Oleksandr and Maryna Blonsky breed goats, make cheese from their milk, and welcome tourists to their farm. Up to 2014, they used to live in a city apartment in Luhansk, the capital of a namesake easternmost Ukrainian oblast. The Russian-Ukrainian war that broke out in Ukraine’s east in late spring 2014 forced the Blonskys to leave.
Maryna and Oleksandr met in a restaurant where she worked as an administrator while Oleksandr was a chef.
“The first cheese we made back in Luhansk. We had our own cheese dairy at the restaurant. And the first attempts were made right there. A Georgian friend of ours who was a chef passed on the basic methods of making brynza and suluguni (Moldovian and Georgian types of brined cheese, – Ed.). And further on we developed them ourselves by trial and error,” says Oleksandr.
After he left the restaurant, Oleksandr worked as a crisis manager. He rescued failing projects and revived them. Maryna used her experience to help start-ups.
“We had been involved in freelance work for the last three years (in Luhansk — ed.). And then we decided to become cheesemakers and farmers,” the spouses say.
At the beginning of the war, Maryna, who was pregnant at the time, was first to leave the occupied territorу to go and stay with her parents. Oleksandr soon joined her. In the village of Lozno-Oleksandrivka in the Ukrainian-controlled part of the Luhansk Oblast, they initially stayed for a week, then for a month. In the end, they stayed for almost a year. They lived together with Maryna’s large family and Oleksandr’s relatives, 12 of them in total.

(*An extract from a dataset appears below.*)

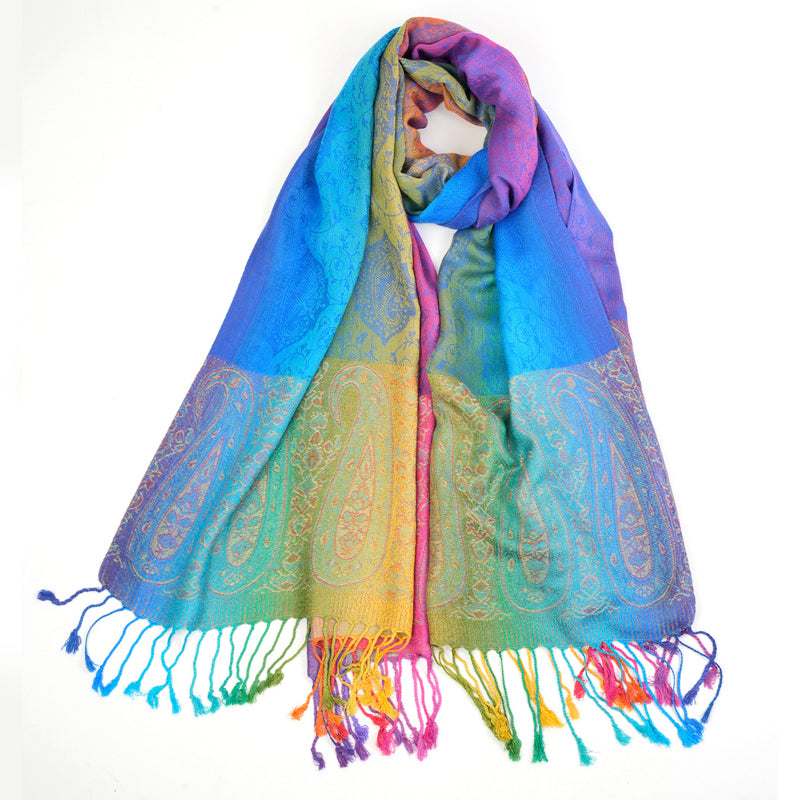 Lässiger Bunter Schal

Until the last moment, I was saying, ‘I won’t leave my apartment for anywhere!’ But, when there are 24 Grad shells (multiple rocket launcher BM-21 Grad, – Ed) flying overhead, you start thinking about your own life. After all, with your own head and hands, you can earn money anywhere. And the examples of Ossetia and Transnistria proved us that we had to leave,” says Oleksandr, reminding that the economy has been in stagnation in the Russian-occupied territories of Moldova and Georgia for twenty-plus years.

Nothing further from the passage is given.